Fue hace dos años, nunca lo
vi usando un traje; pero yo sabía que de vez en cuando se ponía uno. Decía que
le gustaba el azul, supongo que su traje era de ese color. Me llevaba unos ocho
o nueve años; nunca supe exactamente cuántos.
Su mirada era profunda, su
sonrisa hermosa y su cabello muchas veces, se veía mejor que el mío. Le confesé
lo mucho que me gustaba pero él siempre lo tomaba como broma. Creía que estaba
jugando. Yo sospechaba que él se sentía igual. Y no me equivoqué.
Hace poco, cuando el hombre
de traje me confesó todo, ninguno de los dos sabíamos qué hacer. Me tenía entre
sus brazos, no me dejaba ir. Yo no quería irme. Nos besamos. Él insistía con
que mi pupila se había dilatado; yo no pude distinguir la suya. Me decía que
quería estar conmigo. Esbozó un “pero”, su trabajo, sí, su trabajo.
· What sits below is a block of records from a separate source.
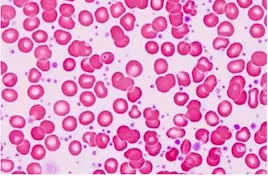 CHRONIC MYELOPROLIFERATIVE NEOPLASMS (MPN)- Essential Thrombocythemia (ET)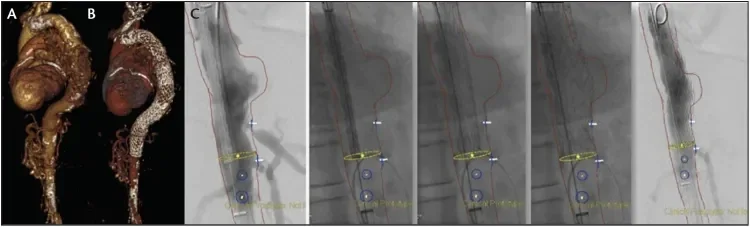 Pre- and postoperative CT scans shows the thoracic aneurysm of the patient before (A) and after (B) treatment. Intraoperative placement of the distal device at the level of the celiac trunk (C).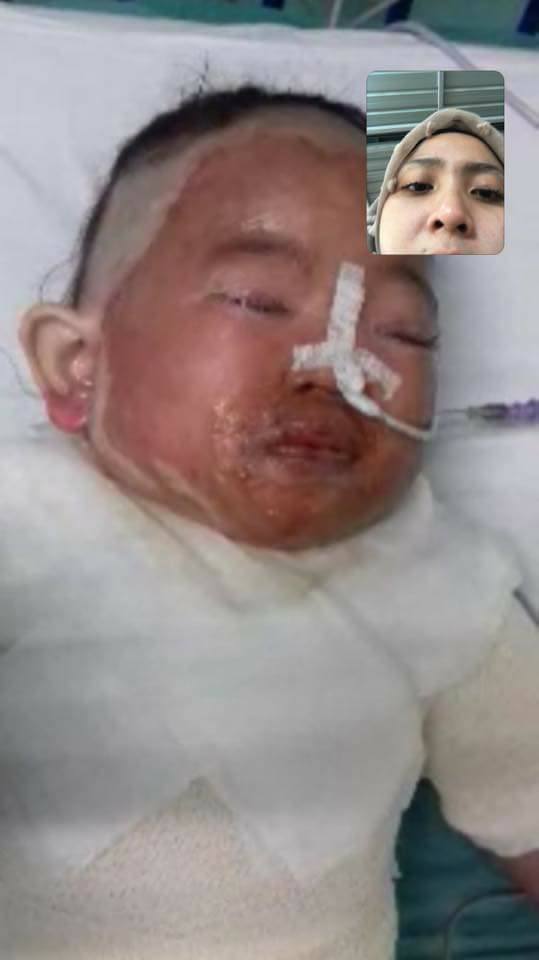 Anak melecur terkena air panas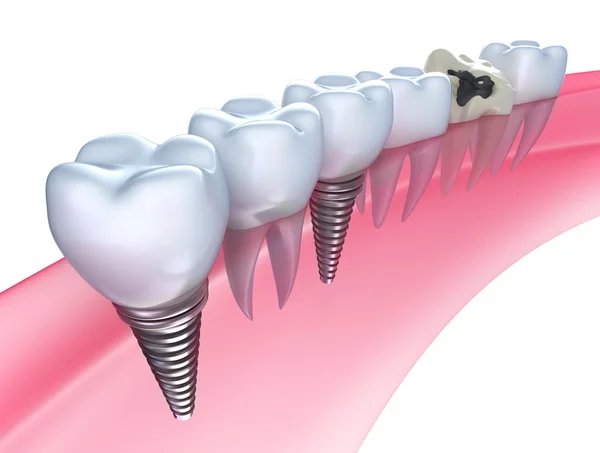 Zahnimplantate im Zahnfleisch - isoliert auf weiß — Stockfoto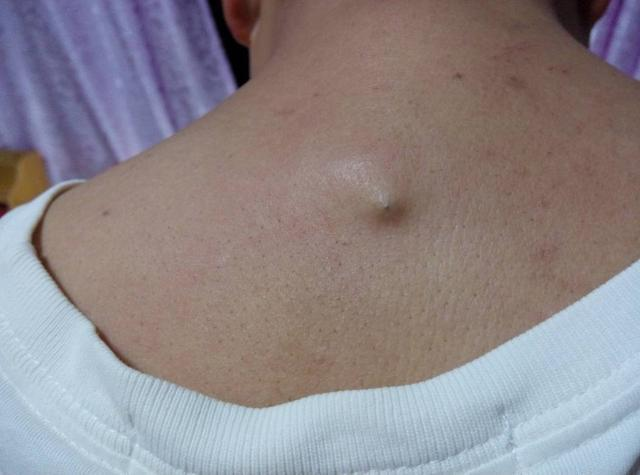 身上有螨虫的症状图片(后背出现4个变化) - 赤虎壹号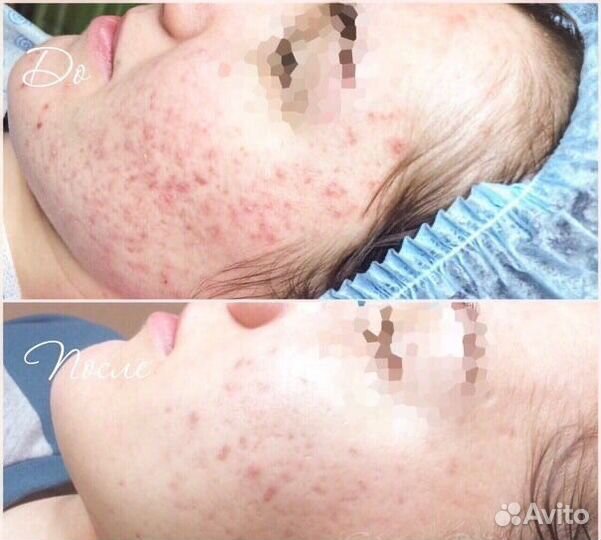 Услуги косметолога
No quería
que nos viéramos de vez en cuando. La solución era que me fuera a vivir con él.
Pero hubiera dado lo mismo, eso no lo abstenía de sus deberes. Quedamos en un
acuerdo; en respetar nuestros espacios y aguantar el tiempo que fuera
necesario. Perdí la cuenta de las veces que me miró a los ojos y me besó.
Días después fue a
buscarme; pero ahora era yo la que tenía cosas que hacer. Lo entendió, según me
dijo. Regresó un día más, se molestó. Me tenía confundida, un acuerdo tuvimos.
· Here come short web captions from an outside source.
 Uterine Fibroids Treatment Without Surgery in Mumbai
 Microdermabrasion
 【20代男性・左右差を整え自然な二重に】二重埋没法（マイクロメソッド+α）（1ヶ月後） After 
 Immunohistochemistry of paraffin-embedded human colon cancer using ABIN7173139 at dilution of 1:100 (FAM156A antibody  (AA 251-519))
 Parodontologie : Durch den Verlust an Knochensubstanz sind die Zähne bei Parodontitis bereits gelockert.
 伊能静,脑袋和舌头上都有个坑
Lo ignoró. Los hombres de traje siempre tienen mejores cosas en que pensar. Él,
mi hombre de traje. Me decepcionó, no lo suficiente para odiarlo, pero lo
suficiente para pedirle que se fuera. Tanto tiempo deseando sus labios, para
que al final su propio cariño por mí, me alejara de su lado.
He estado pensando en ti,
sí tú, mi hombre de traje. Fuimos buenos amigos; me gustaría decir que aún lo
somos. Pero es difícil asegurarlo cuando hace tiempo que no hablamos.